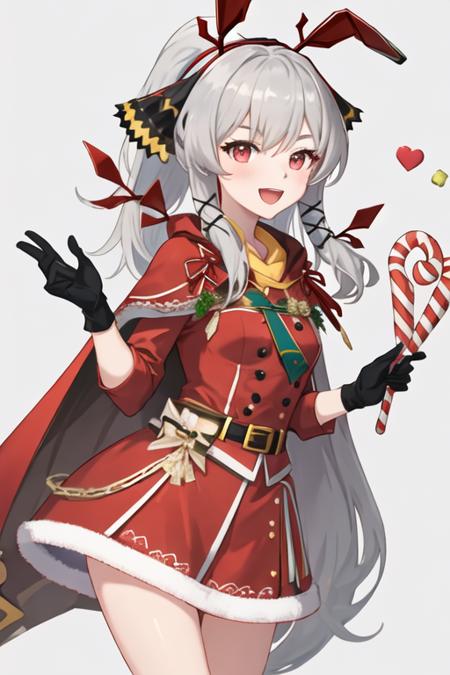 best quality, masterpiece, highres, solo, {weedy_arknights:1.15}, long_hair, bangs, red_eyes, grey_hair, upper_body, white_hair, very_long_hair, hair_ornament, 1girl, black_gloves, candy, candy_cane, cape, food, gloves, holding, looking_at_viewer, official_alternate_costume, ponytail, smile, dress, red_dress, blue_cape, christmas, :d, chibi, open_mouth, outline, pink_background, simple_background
★ ★ ★ ★ ★
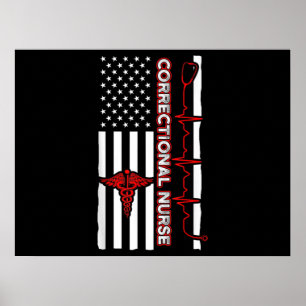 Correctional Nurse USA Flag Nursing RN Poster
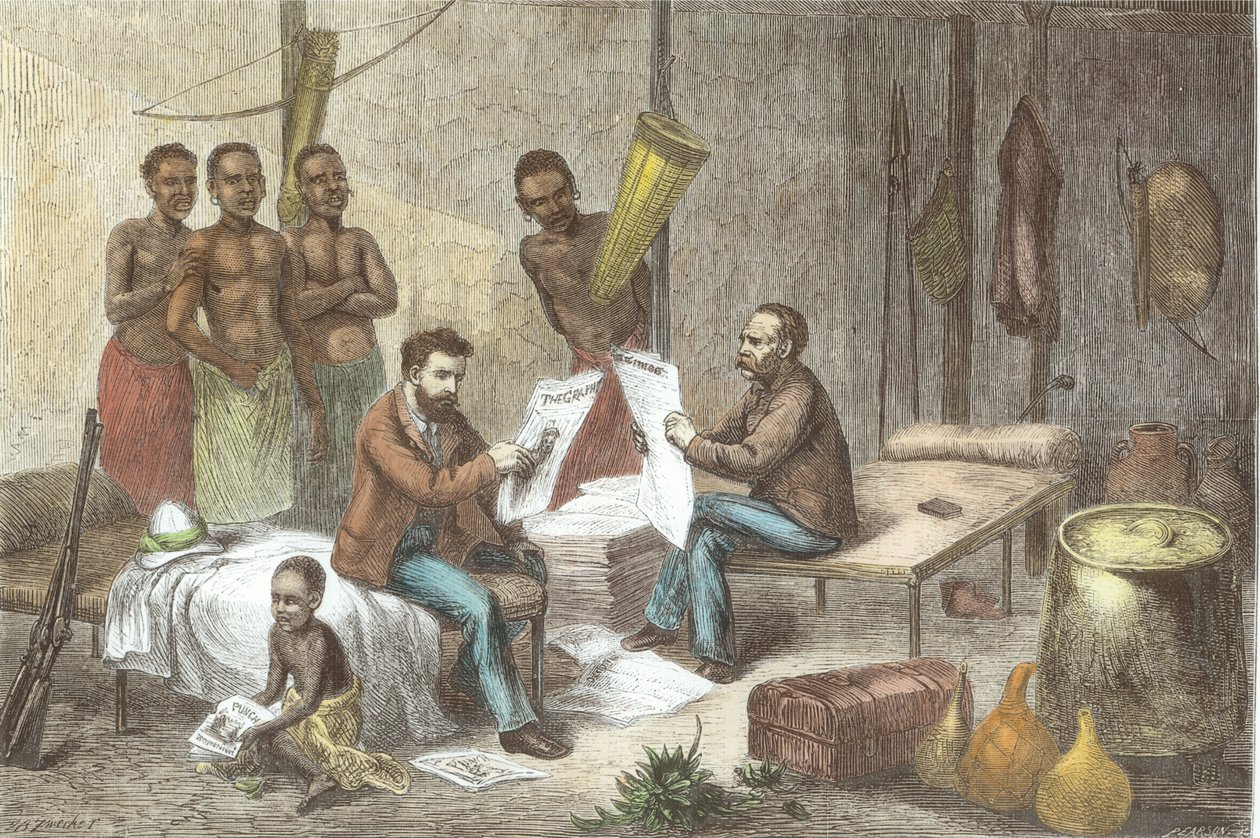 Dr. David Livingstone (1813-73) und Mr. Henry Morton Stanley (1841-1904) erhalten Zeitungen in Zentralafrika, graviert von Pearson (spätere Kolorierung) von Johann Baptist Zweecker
★ ★ ★ ★ ★
▸ Exercise objective: What is wanted is an exact copy of the lines above from the one containing "Correctional Nurse USA" through the one containing "Dr. David Livingstone", with no pictures in it.

▸ Your solution:
 Correctional Nurse USA Flag Nursing RN Poster
 Dr. David Livingstone (1813-73) und Mr. Henry Morton Stanley (1841-1904) erhalten Zeitungen in Zentralafrika, graviert von Pearson (spätere Kolorierung) von Johann Baptist Zweecker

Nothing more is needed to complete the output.